*** DATA PROVIDED ***
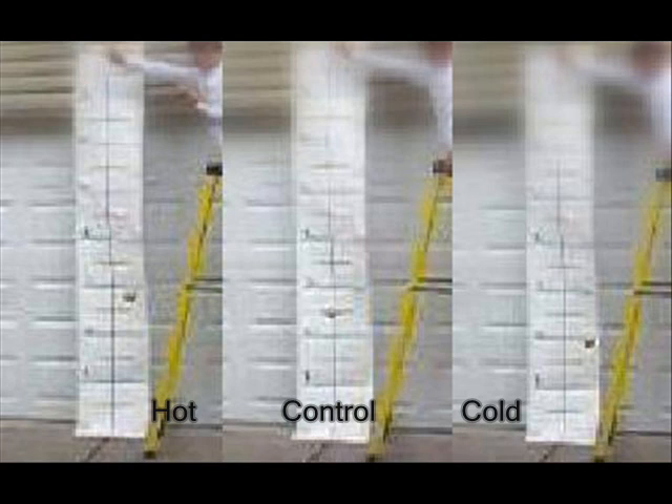As you can see, the cold ball bounced the lowest at around two feet, while the control was two and a half feet and the warm ball ended up around three feet.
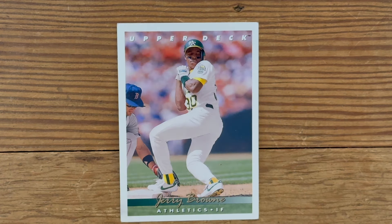Here's former Governor Jerry Brown of the Athletics. Any card that can be captioned, "Eek, a mouse," is a crappy card.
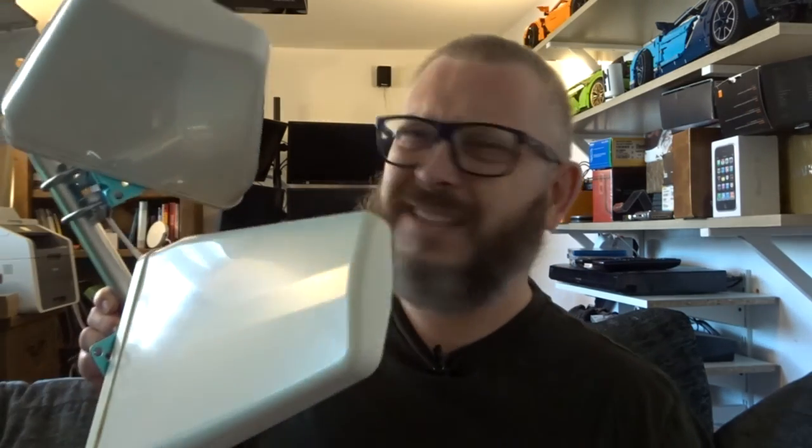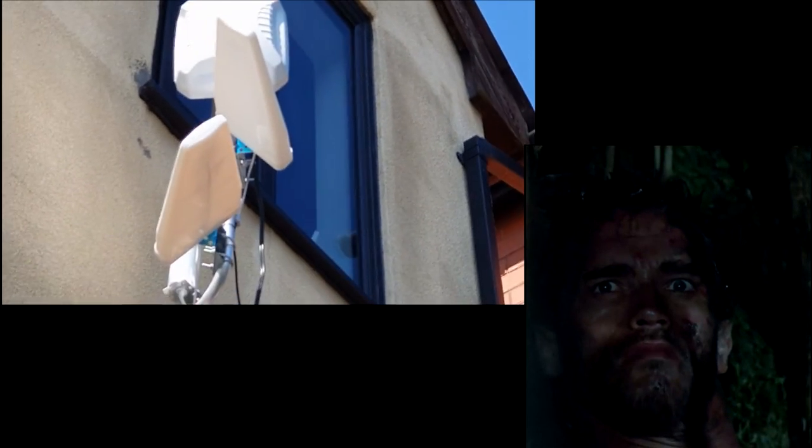But in my defence, this setup really is one ugly setup. Well, it really is ugly, isn't it? And that's my defence and I'm sticking to it.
*** End of DATA PROVIDED ***
▶ [REQUIREMENT] Would you print the listing above in full, exactly, but with no pictures?

▶ [RESPONSE]
As you can see, the cold ball bounced the lowest at around two feet, while the control was two and a half feet and the warm ball ended up around three feet.
Here's former Governor Jerry Brown of the Athletics. Any card that can be captioned, "Eek, a mouse," is a crappy card.
But in my defence, this setup really is one ugly setup. Well, it really is ugly, isn't it? And that's my defence and I'm sticking to it.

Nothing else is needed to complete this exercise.